North America has turned into a knowledge based economy. No longer is it the companies that dictate how workers work, it is the employees and their ideas, their passions that shape the company and make it successful. Knowledge workers have the power and it is the companies responsibility to support them and provide an engaging, open environment. There is too much stuff to know, too much information out there, and too much change for everyone to know everything about everything.
Companies need to be open to engaging and empowering their employees, and encourage creativity and innovation. Take Google for example – many Google products come from an employee idea – Google employees are encouraged, if not expected, to spend their own time (as well as company paid time) pursuing their own ideas for products. Some will be great (Gmail, Wave…) others may tank, and the company has to support both.

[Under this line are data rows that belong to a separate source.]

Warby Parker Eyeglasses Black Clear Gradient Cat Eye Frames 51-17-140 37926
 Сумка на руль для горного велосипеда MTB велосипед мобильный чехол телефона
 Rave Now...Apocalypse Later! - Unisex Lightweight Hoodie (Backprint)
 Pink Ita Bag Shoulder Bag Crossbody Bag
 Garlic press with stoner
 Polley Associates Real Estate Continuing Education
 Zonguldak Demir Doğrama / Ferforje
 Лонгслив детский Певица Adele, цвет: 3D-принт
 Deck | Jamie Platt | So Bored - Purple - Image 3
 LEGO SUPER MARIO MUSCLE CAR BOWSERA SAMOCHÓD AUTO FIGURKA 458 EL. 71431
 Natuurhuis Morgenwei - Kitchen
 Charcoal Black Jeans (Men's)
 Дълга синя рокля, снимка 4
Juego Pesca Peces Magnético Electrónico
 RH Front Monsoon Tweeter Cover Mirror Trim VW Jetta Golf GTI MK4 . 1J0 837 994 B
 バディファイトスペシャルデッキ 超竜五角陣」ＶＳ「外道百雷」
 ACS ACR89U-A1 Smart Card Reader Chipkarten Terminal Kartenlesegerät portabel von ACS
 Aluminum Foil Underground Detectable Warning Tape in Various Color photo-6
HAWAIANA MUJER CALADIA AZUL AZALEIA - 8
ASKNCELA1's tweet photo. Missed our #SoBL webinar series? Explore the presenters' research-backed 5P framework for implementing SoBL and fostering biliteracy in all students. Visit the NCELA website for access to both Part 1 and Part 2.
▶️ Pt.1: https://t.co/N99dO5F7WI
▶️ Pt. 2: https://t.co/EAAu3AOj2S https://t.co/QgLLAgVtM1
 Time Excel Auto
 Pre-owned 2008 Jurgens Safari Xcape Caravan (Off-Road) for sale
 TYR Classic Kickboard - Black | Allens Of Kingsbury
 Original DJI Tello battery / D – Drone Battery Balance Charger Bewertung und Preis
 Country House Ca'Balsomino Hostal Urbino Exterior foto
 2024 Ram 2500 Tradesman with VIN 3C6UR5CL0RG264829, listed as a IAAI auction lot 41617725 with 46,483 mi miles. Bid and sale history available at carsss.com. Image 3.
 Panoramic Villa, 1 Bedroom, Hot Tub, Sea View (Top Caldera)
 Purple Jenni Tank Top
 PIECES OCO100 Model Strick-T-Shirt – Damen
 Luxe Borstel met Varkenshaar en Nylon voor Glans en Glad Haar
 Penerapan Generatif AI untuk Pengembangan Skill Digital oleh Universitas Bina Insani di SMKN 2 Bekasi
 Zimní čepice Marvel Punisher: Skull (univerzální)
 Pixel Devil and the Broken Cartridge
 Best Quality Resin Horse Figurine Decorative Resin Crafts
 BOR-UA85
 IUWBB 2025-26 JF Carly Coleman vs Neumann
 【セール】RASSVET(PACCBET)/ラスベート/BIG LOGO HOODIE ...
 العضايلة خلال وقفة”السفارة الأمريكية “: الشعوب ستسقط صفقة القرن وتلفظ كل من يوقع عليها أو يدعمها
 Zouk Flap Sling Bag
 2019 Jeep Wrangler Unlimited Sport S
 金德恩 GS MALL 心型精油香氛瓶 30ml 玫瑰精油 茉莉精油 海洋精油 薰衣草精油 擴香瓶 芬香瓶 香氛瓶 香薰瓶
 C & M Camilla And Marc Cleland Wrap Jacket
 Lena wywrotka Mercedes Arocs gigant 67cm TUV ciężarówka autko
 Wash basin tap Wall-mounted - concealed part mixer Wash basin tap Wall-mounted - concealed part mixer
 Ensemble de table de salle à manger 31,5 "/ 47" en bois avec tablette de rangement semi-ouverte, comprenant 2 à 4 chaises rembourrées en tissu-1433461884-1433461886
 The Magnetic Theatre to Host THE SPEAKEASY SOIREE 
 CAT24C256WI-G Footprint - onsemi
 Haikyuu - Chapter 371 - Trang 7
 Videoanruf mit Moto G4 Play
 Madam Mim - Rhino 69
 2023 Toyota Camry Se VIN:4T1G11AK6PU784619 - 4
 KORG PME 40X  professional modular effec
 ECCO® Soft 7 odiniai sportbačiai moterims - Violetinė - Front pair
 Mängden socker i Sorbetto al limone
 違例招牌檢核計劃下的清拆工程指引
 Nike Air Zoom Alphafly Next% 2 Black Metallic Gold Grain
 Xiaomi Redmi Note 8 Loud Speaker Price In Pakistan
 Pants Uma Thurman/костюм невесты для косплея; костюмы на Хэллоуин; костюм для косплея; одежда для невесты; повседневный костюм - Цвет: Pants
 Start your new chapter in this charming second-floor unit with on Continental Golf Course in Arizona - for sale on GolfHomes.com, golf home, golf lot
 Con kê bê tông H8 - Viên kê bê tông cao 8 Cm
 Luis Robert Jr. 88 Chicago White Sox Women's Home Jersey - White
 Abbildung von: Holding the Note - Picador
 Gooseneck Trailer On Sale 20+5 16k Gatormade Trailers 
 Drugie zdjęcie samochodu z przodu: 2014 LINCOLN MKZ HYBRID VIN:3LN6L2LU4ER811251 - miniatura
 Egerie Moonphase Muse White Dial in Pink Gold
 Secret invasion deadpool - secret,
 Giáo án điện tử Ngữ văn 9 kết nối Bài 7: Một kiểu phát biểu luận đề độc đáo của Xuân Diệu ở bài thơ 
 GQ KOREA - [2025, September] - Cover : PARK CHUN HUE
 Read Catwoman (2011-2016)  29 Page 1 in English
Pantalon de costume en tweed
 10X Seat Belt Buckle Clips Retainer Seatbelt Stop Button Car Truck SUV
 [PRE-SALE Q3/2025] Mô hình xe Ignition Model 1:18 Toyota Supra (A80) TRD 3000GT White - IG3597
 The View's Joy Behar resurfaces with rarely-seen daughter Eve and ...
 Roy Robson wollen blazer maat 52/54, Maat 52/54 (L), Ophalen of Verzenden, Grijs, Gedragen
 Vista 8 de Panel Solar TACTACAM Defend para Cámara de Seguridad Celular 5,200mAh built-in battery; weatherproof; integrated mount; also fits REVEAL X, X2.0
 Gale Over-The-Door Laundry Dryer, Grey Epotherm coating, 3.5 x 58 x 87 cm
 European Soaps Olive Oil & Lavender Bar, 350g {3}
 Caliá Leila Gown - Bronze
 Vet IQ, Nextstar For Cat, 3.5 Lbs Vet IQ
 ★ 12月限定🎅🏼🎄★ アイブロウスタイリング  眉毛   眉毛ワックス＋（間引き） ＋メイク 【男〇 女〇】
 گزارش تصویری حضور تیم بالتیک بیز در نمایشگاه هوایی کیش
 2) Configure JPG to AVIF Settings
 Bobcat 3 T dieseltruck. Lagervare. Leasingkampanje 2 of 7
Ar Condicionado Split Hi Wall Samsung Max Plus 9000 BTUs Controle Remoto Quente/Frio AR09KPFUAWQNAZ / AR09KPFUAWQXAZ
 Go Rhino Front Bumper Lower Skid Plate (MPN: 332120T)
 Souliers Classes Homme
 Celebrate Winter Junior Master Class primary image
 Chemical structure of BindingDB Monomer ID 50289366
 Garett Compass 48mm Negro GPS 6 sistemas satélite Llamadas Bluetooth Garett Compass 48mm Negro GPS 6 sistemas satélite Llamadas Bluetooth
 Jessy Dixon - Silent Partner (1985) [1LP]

So companies using tools internally like social networking, blogs, knowledge bases, idea databases, wikis, etc.. are going to survive. These are all example of how to share knowledge and get information more easily available to all employees. The old school companies not investing in these tools and their people are not going to be around much longer. It is time to change.
KM did it all wrong years ago, when companies built huge KM systems from the top and tried to record every piece of information they could get their hands on. Employees were not engaged in the system, except for the ones doing the capturing. Maybe “all wrong” is harsh, at least they recognized the issue and tried to solve it the only way they knew how. Wow how things have changed, and are still changing…. Social media tools have allowed knowledge workers to integrate knowledge sharing into their daily work processes. They are simple and inexpensive tools to use.
Think about it for a second – How much time do you spend looking for information? Do you know who the expert on a certain topic is? When was the last time you heard from the CEO of your company? How much time did you waste trying to get and process feedback from 4 colleagues on the last document you had to write? Who has the latest version?
Social media tools can be applied internally to save you time, and engage your employees. The social part of it is very important, because if management installs one of these tools and mandates its use – guess what is going to happen? (It is probably not going to work.) But if a PM recognizes that he needs a better tool for collaboration on a product specification document, then a simple wiki type solution might be an interesting thing to try out.
And once the team uses it once, its hard to go back.